In British usage, this is one of those situations where there is not one word. A person who works in a copy shop is just that. They might say "I work in a copy shop" or possibly describe themselves as a "copy shop assistant". A person who runs their own shop might say "I run a copy shop". Most copy shops here do other things as well, e.g. print posters, business cards, print or copy photos etc, so they might be called 'copy and print shops'. Also, very few jobs in offices involve only operating a photocopier. There are "general administration" jobs which involve data entry, photocopying, mail distribution, franking and dispatch, scanning, etc. Also, the term "Xerox" to mean "any photocopier" is mainly American; where I work the copier is made by Kyocera and is just called 'the copier'.

  • It's more common in America but not by much. The actual issue is just that Xerox is much less important overall to the market in general, so their name gets used as generic term less often these days everywhere.
    – lly
    Commented Jul 8, 2018 at 16:33

I've never heard the term xeroxer, and I think it would be confusing to most native English speakers if you used it to describe someone who works in a copy shop. The verb to xerox was common when photocopiers first became popular, probably because Xerox invented the photocopy machine. But I would say the verb has become less popular in the last few decades, as many companies now produce and sell photocopy machines.

Instead of xeroxer, you can call a copy shop employee a clerk or an associate.

  • Using clerk and associate for a sales job is very US-specific. Shop (or sales) assistant is very common. Commented Jul 8, 2018 at 11:18
  • Yes, Kinko's hires for "associates," as does Starbucks.
    – Ringo
    Commented Jul 8, 2018 at 17:23

The term 'xeroxer' mentioned in one of the other answers actually does follow the standard rules in English for describing a job. However, it has three issues:

  1. 'Xerox' as a generic verb was really an American English thing, but even here in the US it's not widely used anymore.
  2. 'Xeroxer' is essentially unused. So on top of the base word not being widely used, you're likely to have to explain the word to people.
  3. Even if you get past the first two issuses, the term is more likely to be interpreted by most people as 'a person who makes copies', not 'a person who works in a copy shop', because the term 'xerox' refers to the copying machine (not the shop) or the action of using it.

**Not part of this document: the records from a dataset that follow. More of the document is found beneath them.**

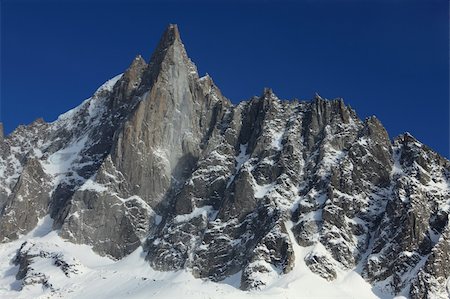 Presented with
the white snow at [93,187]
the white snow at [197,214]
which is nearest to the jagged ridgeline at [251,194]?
the white snow at [197,214]

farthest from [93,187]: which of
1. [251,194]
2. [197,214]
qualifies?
[251,194]

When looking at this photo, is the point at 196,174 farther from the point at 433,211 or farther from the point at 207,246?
the point at 433,211

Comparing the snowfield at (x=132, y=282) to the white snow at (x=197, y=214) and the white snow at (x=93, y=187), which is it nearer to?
the white snow at (x=197, y=214)

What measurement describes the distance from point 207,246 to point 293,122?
4150 centimetres

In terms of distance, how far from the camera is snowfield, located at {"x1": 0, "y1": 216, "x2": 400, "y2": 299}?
14088cm

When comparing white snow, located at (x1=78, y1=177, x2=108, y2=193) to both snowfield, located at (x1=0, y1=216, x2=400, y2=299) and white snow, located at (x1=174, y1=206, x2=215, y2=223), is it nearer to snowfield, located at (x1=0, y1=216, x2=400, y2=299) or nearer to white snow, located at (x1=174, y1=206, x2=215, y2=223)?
snowfield, located at (x1=0, y1=216, x2=400, y2=299)

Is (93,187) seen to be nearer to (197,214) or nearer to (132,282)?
(197,214)

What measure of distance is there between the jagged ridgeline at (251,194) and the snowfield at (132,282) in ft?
7.16

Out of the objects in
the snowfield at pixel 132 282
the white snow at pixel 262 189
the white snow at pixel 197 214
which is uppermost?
the white snow at pixel 262 189

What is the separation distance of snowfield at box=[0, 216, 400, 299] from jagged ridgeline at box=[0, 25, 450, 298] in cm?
218

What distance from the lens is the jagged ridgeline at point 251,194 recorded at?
14925 cm

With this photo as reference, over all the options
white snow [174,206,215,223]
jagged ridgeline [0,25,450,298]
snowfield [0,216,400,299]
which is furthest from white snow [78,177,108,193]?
white snow [174,206,215,223]

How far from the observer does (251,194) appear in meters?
167

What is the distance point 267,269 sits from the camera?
145 m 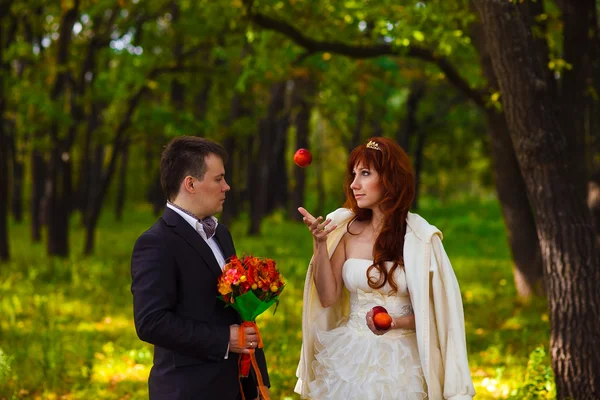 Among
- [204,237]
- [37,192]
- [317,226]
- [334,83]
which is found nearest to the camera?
[204,237]

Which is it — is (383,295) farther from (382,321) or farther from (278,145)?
(278,145)

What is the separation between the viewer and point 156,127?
16922mm

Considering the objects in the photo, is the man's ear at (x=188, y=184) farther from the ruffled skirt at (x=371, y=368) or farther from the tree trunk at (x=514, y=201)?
the tree trunk at (x=514, y=201)

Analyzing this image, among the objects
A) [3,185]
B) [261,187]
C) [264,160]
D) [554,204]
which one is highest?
[264,160]

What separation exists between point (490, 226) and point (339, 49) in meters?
19.0

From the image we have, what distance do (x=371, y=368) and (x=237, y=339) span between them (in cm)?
107

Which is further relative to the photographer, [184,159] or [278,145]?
[278,145]

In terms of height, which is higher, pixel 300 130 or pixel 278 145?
pixel 300 130

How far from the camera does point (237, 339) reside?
369 cm

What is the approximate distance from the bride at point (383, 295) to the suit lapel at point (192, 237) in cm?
60

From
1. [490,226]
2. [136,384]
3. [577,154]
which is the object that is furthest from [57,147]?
[490,226]

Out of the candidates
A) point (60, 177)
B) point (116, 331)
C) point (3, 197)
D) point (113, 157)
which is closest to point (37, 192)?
point (113, 157)

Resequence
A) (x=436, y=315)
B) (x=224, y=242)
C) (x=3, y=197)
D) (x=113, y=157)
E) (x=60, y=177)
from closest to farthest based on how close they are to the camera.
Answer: (x=224, y=242), (x=436, y=315), (x=3, y=197), (x=60, y=177), (x=113, y=157)

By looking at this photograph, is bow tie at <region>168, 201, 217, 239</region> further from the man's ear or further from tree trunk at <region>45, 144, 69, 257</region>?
tree trunk at <region>45, 144, 69, 257</region> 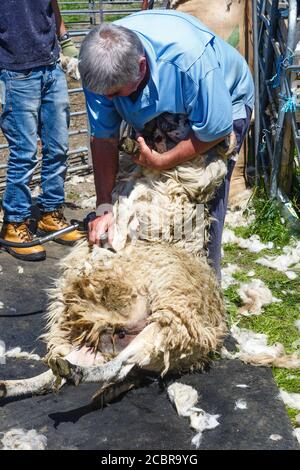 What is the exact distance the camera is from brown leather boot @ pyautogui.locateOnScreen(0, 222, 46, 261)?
4703 millimetres

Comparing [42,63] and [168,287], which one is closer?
[168,287]

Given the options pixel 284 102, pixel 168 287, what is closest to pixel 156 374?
pixel 168 287

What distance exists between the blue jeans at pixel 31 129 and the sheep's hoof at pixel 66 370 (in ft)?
6.47

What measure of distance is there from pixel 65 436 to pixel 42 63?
2.62 metres

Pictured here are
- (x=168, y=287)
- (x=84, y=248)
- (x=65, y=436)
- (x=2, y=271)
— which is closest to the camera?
(x=65, y=436)

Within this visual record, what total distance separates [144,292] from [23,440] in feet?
2.80

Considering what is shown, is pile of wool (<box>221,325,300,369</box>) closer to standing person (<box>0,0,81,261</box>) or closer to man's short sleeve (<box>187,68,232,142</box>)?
man's short sleeve (<box>187,68,232,142</box>)

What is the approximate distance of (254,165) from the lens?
575 cm

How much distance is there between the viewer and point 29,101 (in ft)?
15.3

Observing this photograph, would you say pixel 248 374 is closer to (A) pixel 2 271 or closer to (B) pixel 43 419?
(B) pixel 43 419

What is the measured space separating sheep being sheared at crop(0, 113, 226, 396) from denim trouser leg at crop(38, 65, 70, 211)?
1.52 metres

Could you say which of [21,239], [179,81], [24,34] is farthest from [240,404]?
[24,34]

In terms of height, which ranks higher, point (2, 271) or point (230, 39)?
point (230, 39)

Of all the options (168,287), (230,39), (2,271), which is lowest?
(2,271) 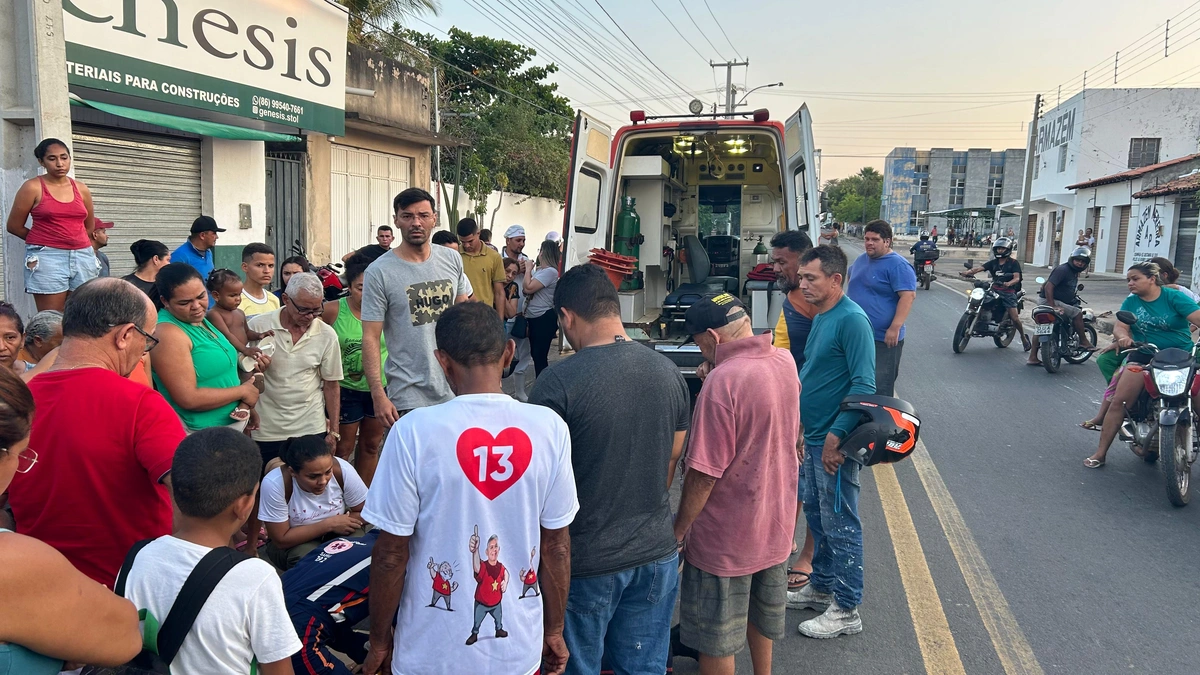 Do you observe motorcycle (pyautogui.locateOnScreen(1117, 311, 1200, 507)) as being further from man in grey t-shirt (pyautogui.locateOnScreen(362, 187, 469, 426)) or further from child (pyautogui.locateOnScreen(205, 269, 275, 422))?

As stupid as this may sound, I would actually advocate just saying a person who works in a copy shop'. While it's not short and concise, it's completely unambiguous (unless you have to explain what a copy shop is, which you might in some places), and the 'X works in/at a Y' construct is bordering on a fixed phrase in English, as it's quite often the only way to clearly express what a person's job is.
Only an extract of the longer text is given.